* Work order
Drop the images. Copy every line below character for character.

* Collected data

■ ■ ■

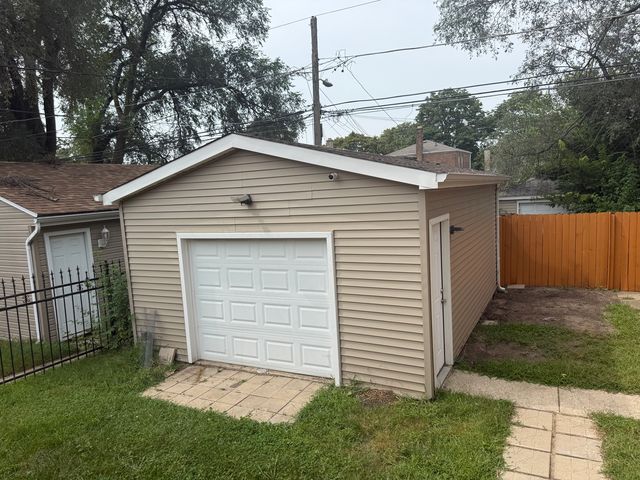 9748 S Ellis Avenue, Chicago, IL 60628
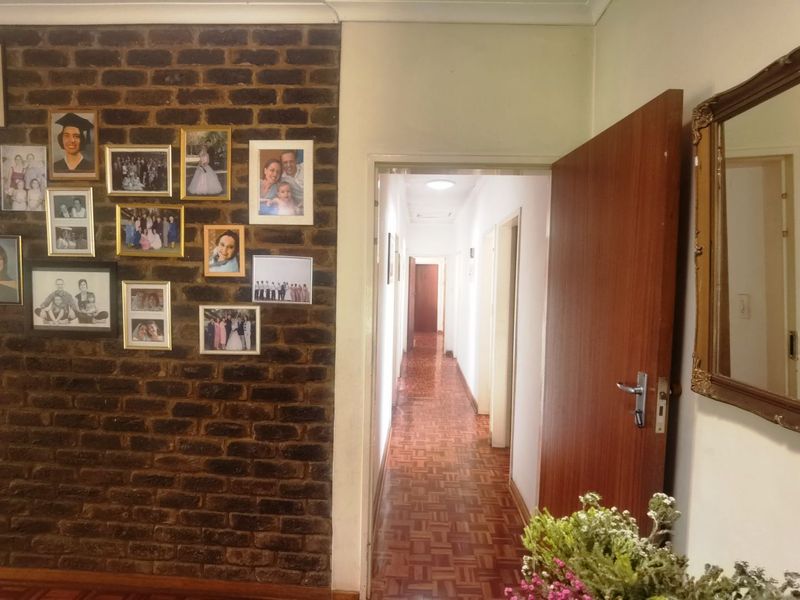 House For Sale in Hennopspark - Photo 3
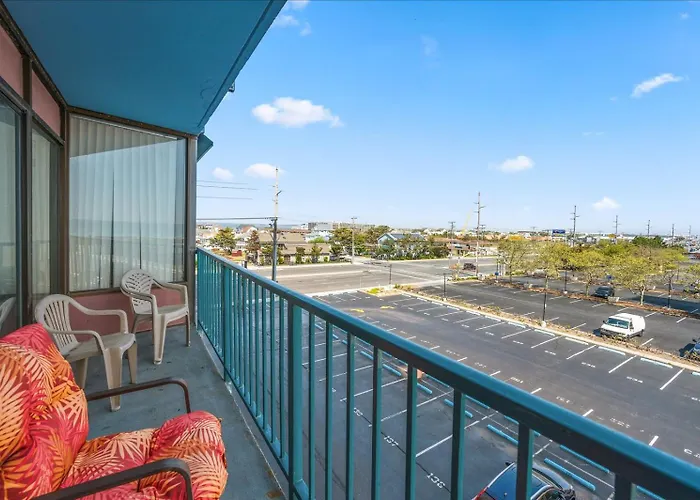 Ocean Front Capri With Indoor Pool And Much More!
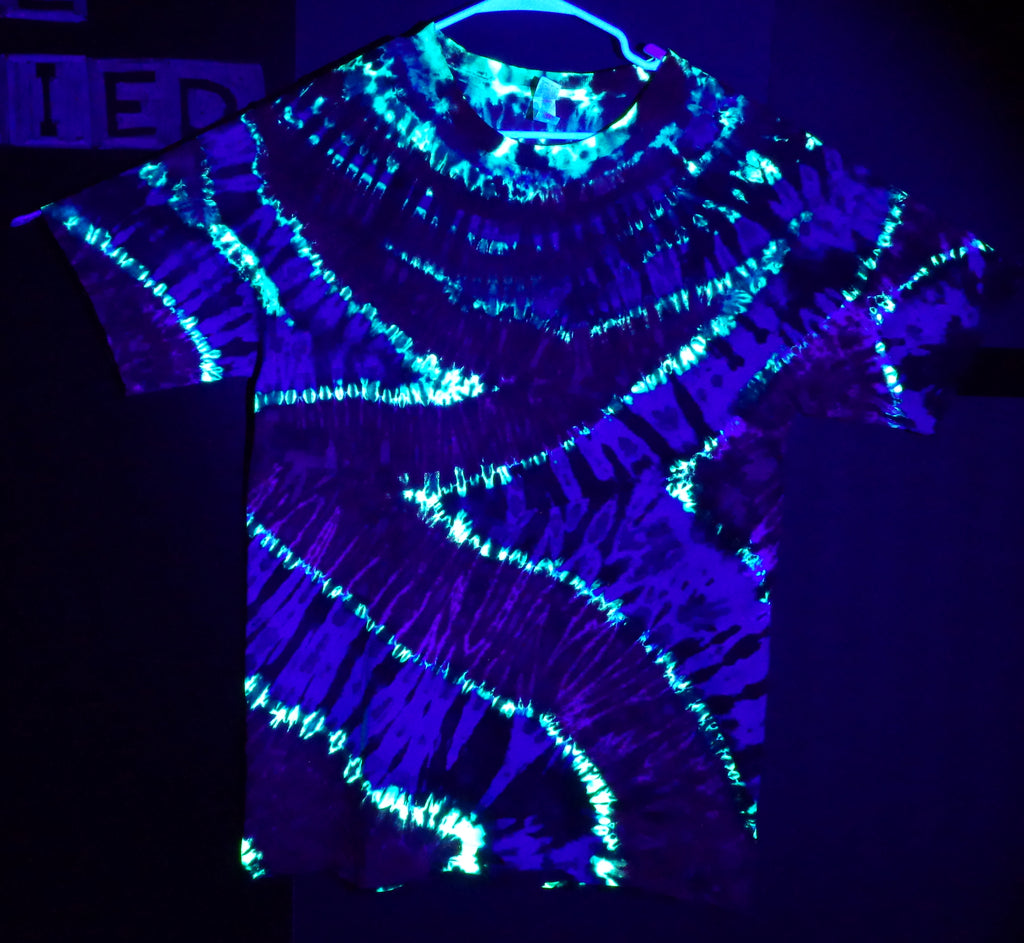 Tie Dyenied #335 Large Gildan Ultra PFD 3X SWITCHBACK Neck Spiral (UV)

■ ■ ■

* Written solution
 9748 S Ellis Avenue, Chicago, IL 60628
 House For Sale in Hennopspark - Photo 3
 Ocean Front Capri With Indoor Pool And Much More!
 Tie Dyenied #335 Large Gildan Ultra PFD 3X SWITCHBACK Neck Spiral (UV)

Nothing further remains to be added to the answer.